A fixed number is wrong in both directions. Set it low and your agents queue up and idle at 3am when nobody else is around. Set it high and they fight you for quota at midday while you are in a conversation on the same account, and the downstream API jams. Whichever way you lean, you are wrong during the other half of the day.

This article is about a design that does not hold a concurrency limit but moves it — observing, then adjusting. The setting is Antigravity 2.0 parallel agents and the Managed Agents API, but the idea ports to any agent execution layer unchanged.

A Fixed Concurrency Number Is Usually Wrong

Let me put the failure structure down concretely.
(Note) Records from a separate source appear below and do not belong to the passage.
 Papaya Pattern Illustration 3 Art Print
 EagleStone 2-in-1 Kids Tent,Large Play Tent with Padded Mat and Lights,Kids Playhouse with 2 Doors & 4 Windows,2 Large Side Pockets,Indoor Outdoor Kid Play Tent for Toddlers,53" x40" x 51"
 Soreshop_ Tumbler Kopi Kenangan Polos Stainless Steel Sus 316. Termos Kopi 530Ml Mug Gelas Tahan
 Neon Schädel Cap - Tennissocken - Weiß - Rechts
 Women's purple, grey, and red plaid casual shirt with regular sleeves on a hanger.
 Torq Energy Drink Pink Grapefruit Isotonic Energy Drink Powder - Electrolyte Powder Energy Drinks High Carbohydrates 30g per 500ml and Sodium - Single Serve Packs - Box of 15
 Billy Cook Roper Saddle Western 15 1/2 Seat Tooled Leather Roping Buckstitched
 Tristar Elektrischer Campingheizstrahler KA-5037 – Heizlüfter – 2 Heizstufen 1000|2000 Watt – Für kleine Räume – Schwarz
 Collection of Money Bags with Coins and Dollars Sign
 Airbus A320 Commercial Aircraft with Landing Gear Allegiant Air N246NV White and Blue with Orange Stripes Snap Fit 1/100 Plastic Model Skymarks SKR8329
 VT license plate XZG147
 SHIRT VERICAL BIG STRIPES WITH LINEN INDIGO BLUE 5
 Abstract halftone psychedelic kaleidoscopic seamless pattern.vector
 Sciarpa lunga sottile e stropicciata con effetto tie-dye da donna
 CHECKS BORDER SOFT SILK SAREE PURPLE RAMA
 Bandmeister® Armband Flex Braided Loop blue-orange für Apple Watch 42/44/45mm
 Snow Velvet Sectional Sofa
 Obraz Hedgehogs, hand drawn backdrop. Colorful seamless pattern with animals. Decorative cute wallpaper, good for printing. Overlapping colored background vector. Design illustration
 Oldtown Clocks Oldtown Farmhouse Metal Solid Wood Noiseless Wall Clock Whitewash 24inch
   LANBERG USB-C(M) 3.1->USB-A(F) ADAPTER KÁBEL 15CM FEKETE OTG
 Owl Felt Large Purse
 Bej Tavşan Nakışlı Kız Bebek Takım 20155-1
Suppose you pin concurrency at 6 for some workload.

Time	Downstream headroom	Result at concurrency 6
Late night (you are away)	Large	Wastes capacity. 10 or 12 would have cleared fine
Evening (you are also active)	Small	Shares quota with you and cascades into 429s
Right after a major update	Unknown	Latency climbs; even 6 can jam

Whichever row you optimize the constant for, it misses on the others. And the "correct" concurrency shifts by the minute, driven by things you do not control: whether you are at your desk, how much quota remains, how busy the model side is. Trying to pin a constant onto a moving target is the design error itself.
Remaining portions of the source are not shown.